• [Extracted records]
####################
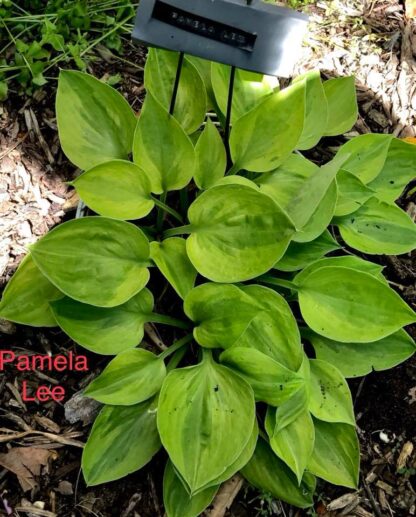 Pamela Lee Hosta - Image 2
####################
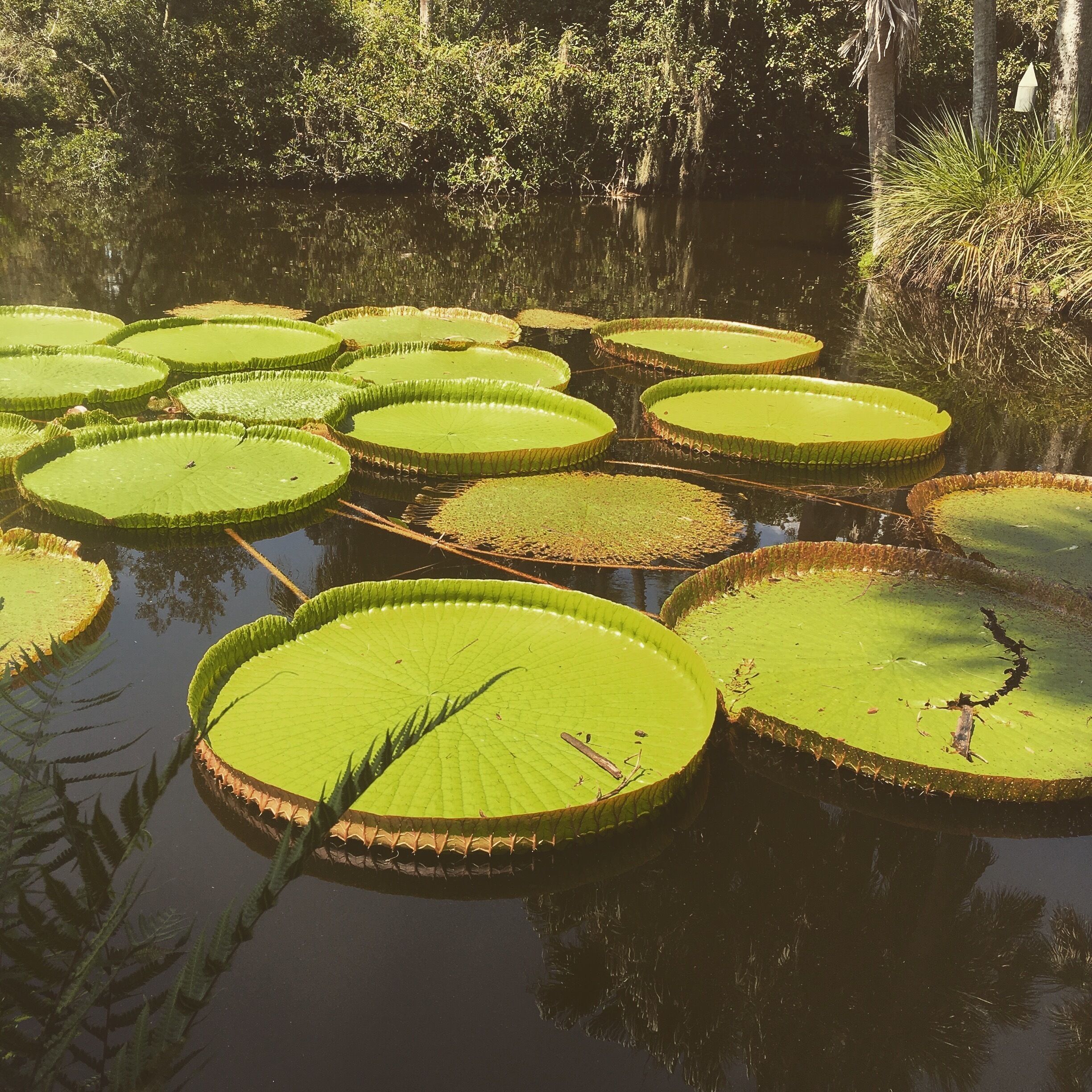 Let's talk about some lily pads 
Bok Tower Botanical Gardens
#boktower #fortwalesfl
####################
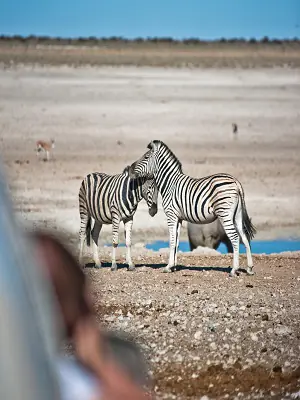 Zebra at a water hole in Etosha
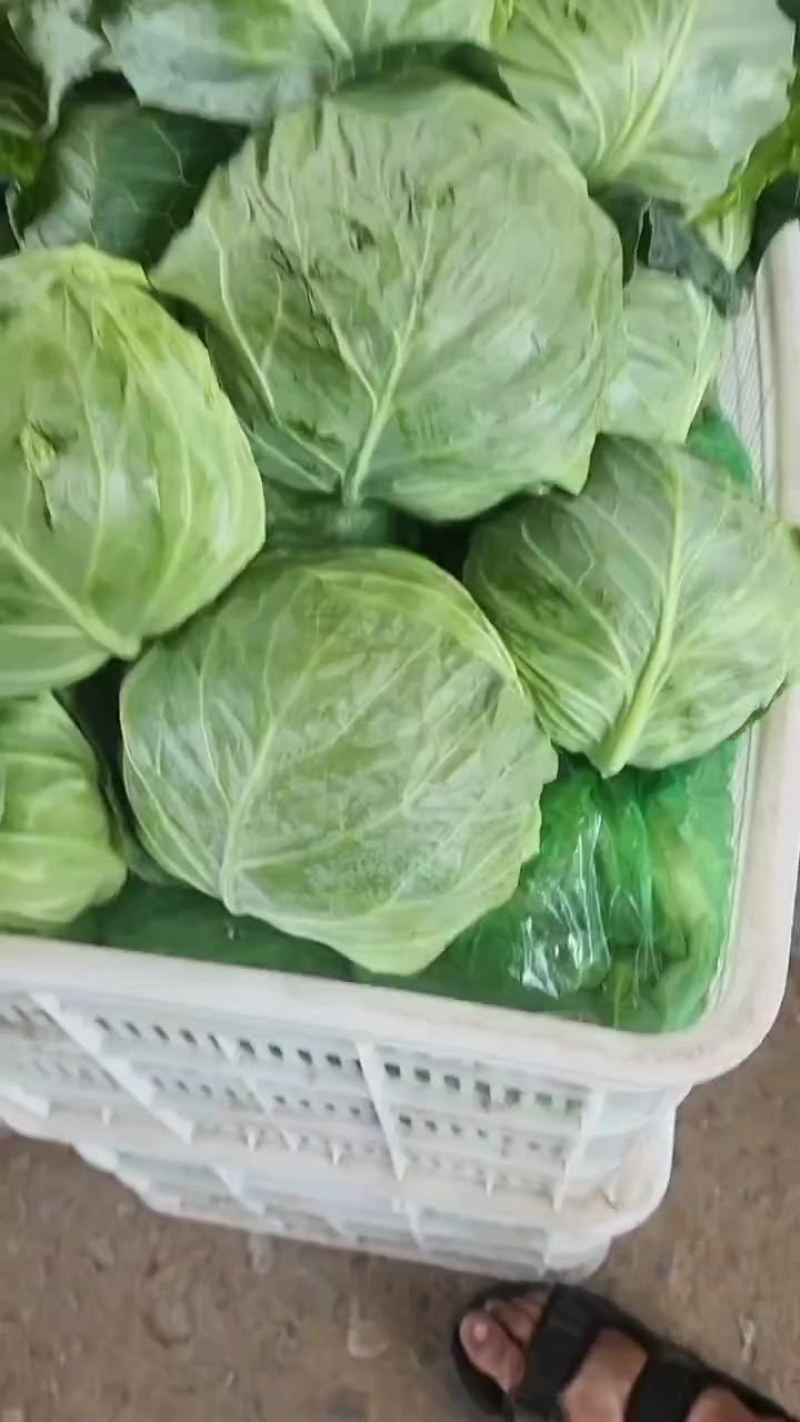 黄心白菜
####################
• [Task]
Set down again, exactly, every line above from the one with "Let's talk about some lily pads" down to the one with "#boktower #fortwalesfl", both ends included. No pictures, and nothing else.

• [Reply to the exercise]
 Let's talk about some lily pads 
Bok Tower Botanical Gardens
#boktower #fortwalesfl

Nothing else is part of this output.